A few years ago in this area it was supposed that many intentional fires were started because after a fire rural land was possibly re qualified as land that could be built on, but the law was changed (under Zapatero I think) and as the article states


> sigue prohibido construir durante 30 años en áreas quemadas.


I don't really understand the ammendment that the PP has made permitting the requalification of land


> cuando concurran razones imperiosas de interés público de primer orden


Whatever, these attacks sound like it was a coordinated action across the north of Spain - for any (twisted) purpose or just piromaniacs??


----------



## Alcalaina (Aug 6, 2010)

Well, if they were started deliberately the perpetrators should be burnt at the stake.

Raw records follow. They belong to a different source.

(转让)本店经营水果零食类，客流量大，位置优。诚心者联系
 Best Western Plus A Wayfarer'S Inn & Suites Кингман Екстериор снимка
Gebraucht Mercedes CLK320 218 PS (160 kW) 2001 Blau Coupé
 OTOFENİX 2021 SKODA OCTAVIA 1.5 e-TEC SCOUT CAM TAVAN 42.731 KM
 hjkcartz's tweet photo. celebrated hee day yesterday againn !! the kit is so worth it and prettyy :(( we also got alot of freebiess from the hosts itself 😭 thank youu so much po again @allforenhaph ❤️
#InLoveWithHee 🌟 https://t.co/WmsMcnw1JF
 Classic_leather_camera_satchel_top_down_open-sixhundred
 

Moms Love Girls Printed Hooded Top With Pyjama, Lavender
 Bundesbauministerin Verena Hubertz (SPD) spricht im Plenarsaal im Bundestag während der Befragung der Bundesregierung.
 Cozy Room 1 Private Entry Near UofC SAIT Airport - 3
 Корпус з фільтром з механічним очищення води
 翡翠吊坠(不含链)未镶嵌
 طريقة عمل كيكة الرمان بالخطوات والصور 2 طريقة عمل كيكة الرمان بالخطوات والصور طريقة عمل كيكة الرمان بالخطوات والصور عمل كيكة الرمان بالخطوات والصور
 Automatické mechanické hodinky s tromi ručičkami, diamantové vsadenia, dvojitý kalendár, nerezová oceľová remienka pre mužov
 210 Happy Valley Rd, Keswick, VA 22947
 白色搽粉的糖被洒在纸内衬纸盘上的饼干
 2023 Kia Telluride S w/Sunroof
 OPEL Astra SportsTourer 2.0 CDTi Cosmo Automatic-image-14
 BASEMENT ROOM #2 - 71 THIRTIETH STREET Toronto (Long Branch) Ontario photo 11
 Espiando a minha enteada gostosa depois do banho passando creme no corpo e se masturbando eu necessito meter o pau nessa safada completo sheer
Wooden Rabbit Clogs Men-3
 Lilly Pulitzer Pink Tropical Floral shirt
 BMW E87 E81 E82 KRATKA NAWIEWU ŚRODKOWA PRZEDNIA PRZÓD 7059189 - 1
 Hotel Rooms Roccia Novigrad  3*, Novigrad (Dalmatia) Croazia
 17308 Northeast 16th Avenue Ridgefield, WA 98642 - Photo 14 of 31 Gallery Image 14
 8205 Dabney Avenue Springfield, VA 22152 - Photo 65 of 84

However, on another thread we are all going on about the unseasonally warm weather, but when you get high temperatures, no rain for months and sudden high winds, such fires are an inevitable consequence.


----------



## Pesky Wesky (May 10, 2009)

Alcalaina said:


> Well, if they were started deliberately the perpetrators should be burnt at the stake. However, on another thread we are all going on about the unseasonally warm weather, but when you get high temperatures, no rain for months and sudden high winds, such fires are an inevitable consequence.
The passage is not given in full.